IL COMMENTO. Da sempre il tema delle mobilità, in tutte le sue forme, è roba da guelfi contro ghibellini. Da una parte (anche politicamente parlando) i fautori della mobilità privata a prescindere, dall’altra chi invece sostiene a spada tratta quella pubblica, come abbiamo avuto occasione di (ri)vedere recentemente nella corsa al Comune di Bergamo.

Nulla di nuovo, è almeno un quarto di secolo che, al di là delle ottime teorie dei vari piani (più o meno) strategici, ci si muove prevalentemente a strappi e ideologicamente. Anche perché la materia è di quelle decisamente scivolose e porta con sé un retaggio di relazioni difficile da gestire senza scossoni.
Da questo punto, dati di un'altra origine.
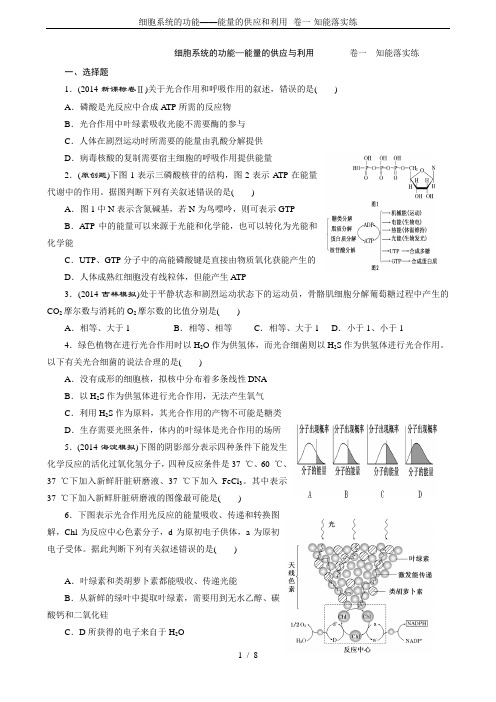 细胞系统的功能——能量的供应和利用--卷一-知能落实练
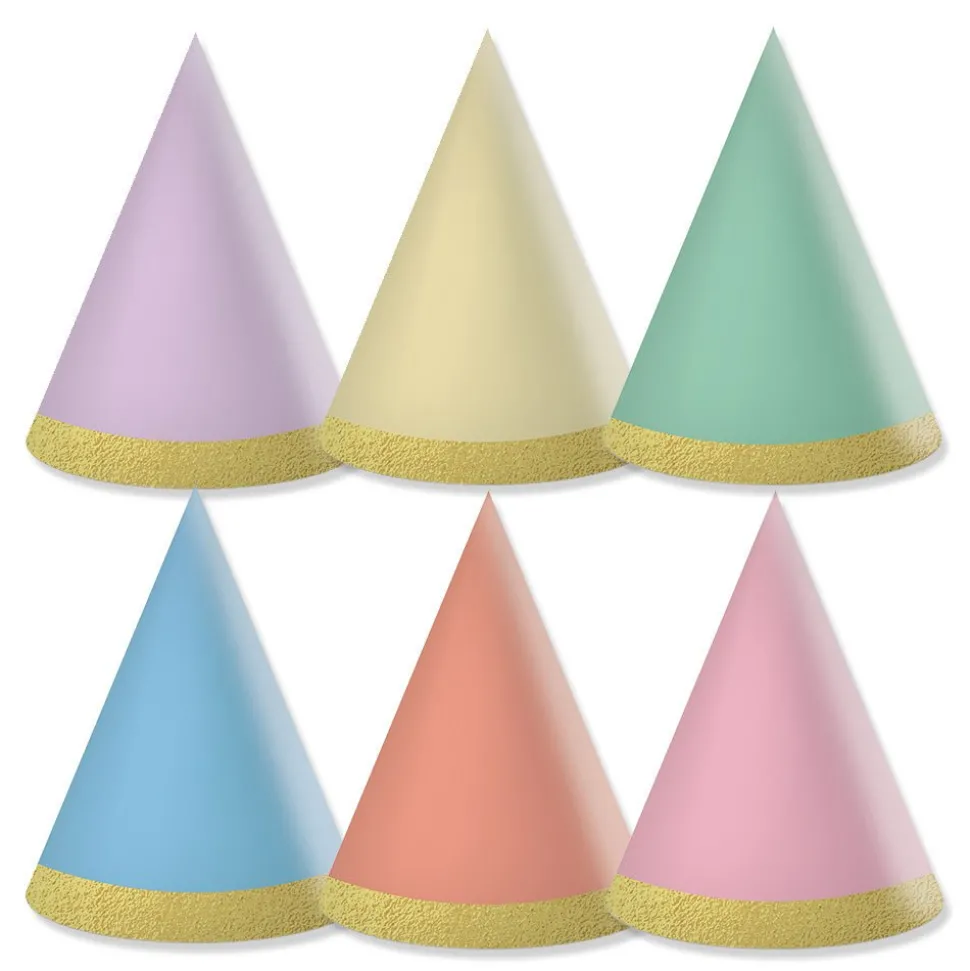 Gekleurde Feesthoedjes 9cm 6st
Per capirci, un parcheggio in più o in meno ha il suo peso sia in termini sociali che di consenso elettorale.

La mobilità però prima ancora che scienza è pura necessità e così alla fine le soluzioni si trovano comunque, quasi spontaneamente: lo conferma per esempio il boom di motocicli registrato nel capoluogo (e non solo) negli ultimi 20 anni, con tassi di crescita superiori al 45%. Per farla breve, se con l’auto è impossibile evitare le code e spesso pure trovare parcheggio, con le due ruote si ovvia ad entrambi i problemi. A maggior ragione in un capoluogo stretto quotidianamente nella morsa di quasi 60mila auto in ingresso, la stragrande maggioranza (per non dire la quasi totalità...) con una sola persona a bordo.
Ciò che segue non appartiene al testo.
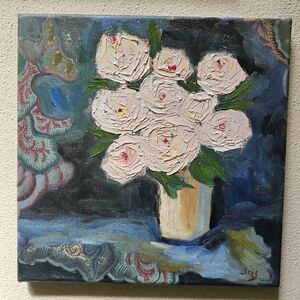 Abstract Still Life oil Painting of Peonies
Una situazione che da un lato trova parziale rimedio con il sempre più massiccio utilizzo delle moto ma dall’altro non riesce a trovare adeguate risposte dal sistema di trasporto pubblico su gomma che, molto semplicemente, si ritrova bloccato (pure lui) nel traffico quotidiano.

Normale che in questo contesto si guardi con un certo interesse agli interventi in corso sul versante del ferro: dalla linea T2 del tram per Villa d’Almè al raddoppio fino a Curno che permetterà un utilizzo di tipo metropolitano, cosa ben diversa da una metropolitana dove le fermate distano meno di un chilometro tra loro. Il termine giusto di paragone per un servizio del genere sono le S-Bahn tedesche che fermano ogni 2,5-3 chilometri, distanza in linea con quelle del raddoppio direzione Ponte. Nell’attesa di buone nuove sul versante di Seriate-Montello e di una proposta più appetibile in termini di sistema sulla Bergamo-Treviglio.

Ecco, sistema è la parola-chiave, spesso evocata a sproposito e purtroppo poco applicata in concreto, al di là di stucchevoli e ritriti slogan. In tal senso fa però ben sperare il bando di Regione Lombardia che stanzia 41 milioni di euro per trasformare le stazioni in poli intermodali e anche il fatto che Treviglio, Verdellino e Ponte San Pietro si siano già dette interessate ad essere della partita.

Vero che a Bergamo al posto dell’attuale stazione verrà realizzata una struttura che permetterà un rapido scambio tra diverse modalità di trasporto, prevalentemente pubblico ma consentendo anche l’attestamento dei mezzi privati, ma lo è pure il fatto che per alleggerire la pressione sul capoluogo bisogna lavorare anche al suo esterno, su quei nodi dove insiste un numero importante di pendolari. Che devono appunto poter contare su un sistema che consenta di loro di arrivare con i vari mezzi a disposizione nelle stazioni, su connessioni rapide e sicure e poi muoversi di conseguenza.

Non è fantascienza, un libro dei sogni e nemmeno un mero esercizio teorico, perché è realtà in praticamente tutta Europa e mai come in questo caso non c’è nulla di male nel copiare le cose che gli altri sanno fare meglio. E da sempre.